В последующие годы Пирсу случалось теряться, когда требовалось дать отчет себе или другим о своем детстве: слишком несопоставимы были крайности — монахини и горная «деревенщина» — и очень уж неуместным добавлением к этому всему были он сам и Олифанты. По воскресеньям они слышали со своего холма громкоговорители Всеевангельской Церкви Господа во Христе, на весь город транслировавшие службы (песнопения, проклятия, неразборчивые выкрики и стоны).
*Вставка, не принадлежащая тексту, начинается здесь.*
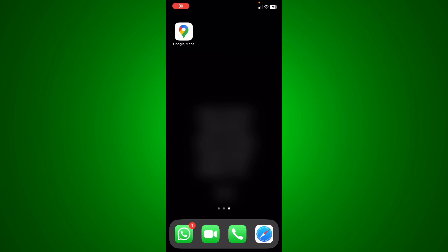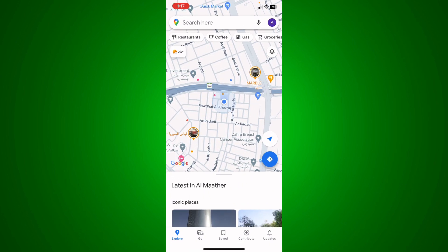Hey guys, my name is Adam. Today I'm going to show you how to show coordinates on Google Maps. First, you need to go ahead and log in with your account on Google, and after you log in with your Gmail account, we're going to select the location that we want the coordinates from.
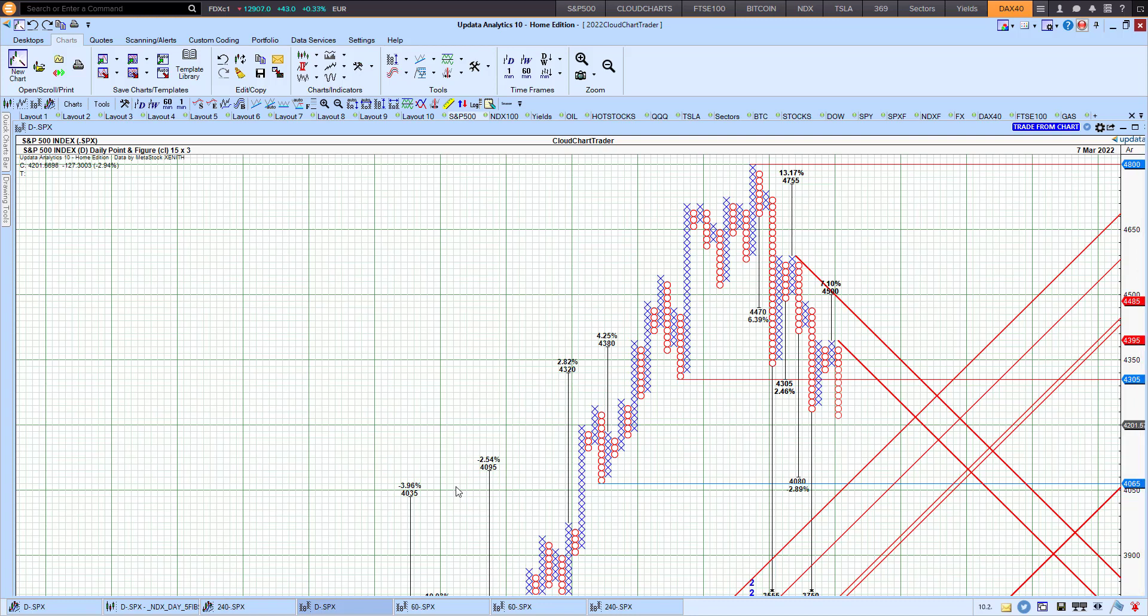Good morning, traders. Richard here doing a quick point-and-figure chart review of the S&P 500 index.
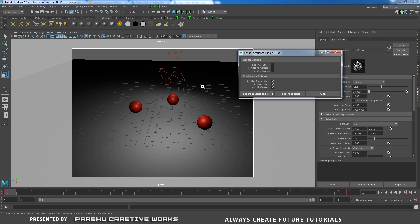If you want to render a particular region, check this one. I want to render the whole frame, so I will uncheck it. This option here is the viewing option — you want to check all these things on, then click Render Sequence and close.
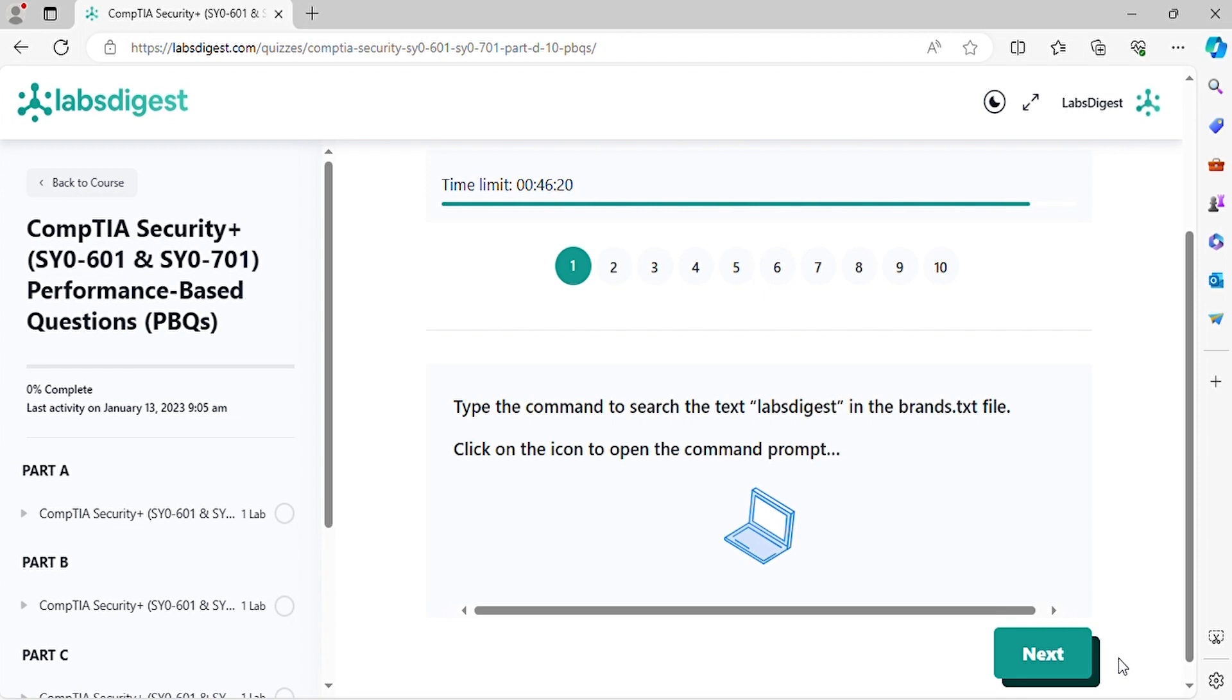Question 1. Type the command to search the text LabsDigest in the brands.txt file. Click on the icon to open the command prompt.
Звук был слишком громкий, акцент слишком сильный, доктрина чересчур крайняя, чтобы детям было внятно хоть несколько слов, но Хильди все же задавалась вопросом, не нарушают ли они, слушая, то правило, которое запрещает католикам присутствовать на богослужениях других конфессий.
— Все равно, по какому праву они заставляют всех и каждого это слушать?
По мнению Пирса, нужно было бы обзавестись вертолетом и снабдить его большим громкоговорителем на длинной проволоке; как-нибудь в пасмурный день (один из тех, скажем, когда на небе громоздятся тучи, но время от времени расходятся, пропуская на землю конусы мистического света) вылететь на вертолете из укромного места, подняться над облаками, повыше, чтобы не был слышен шум мотора. А затем подвешенный внизу громкоговоритель внезапно объявил бы себя гласом Господним и повелел бы всем обратиться в католичество.
— Этому бы они поверили, — согласился Джо Бойд. — Наверняка.
— Все равно, — возразила Хильди, — если людей обмануть, они не станут настоящими католиками.
Пирс так не думал. Ему казалось, что если людей, не важно какими средствами, привлечь в нужное стадо, они постепенно осознают очевидную правоту доктрины, а тем временем избегнут опасности умереть вне церкви. Только нужен непременно вертолет, он может зависать в воздухе. Работенка для Невидимых.
— Все равно, — заявила Хильди, — если бы Бог этого хотел, то сделал бы сам, а он не делает, значит, не хочет.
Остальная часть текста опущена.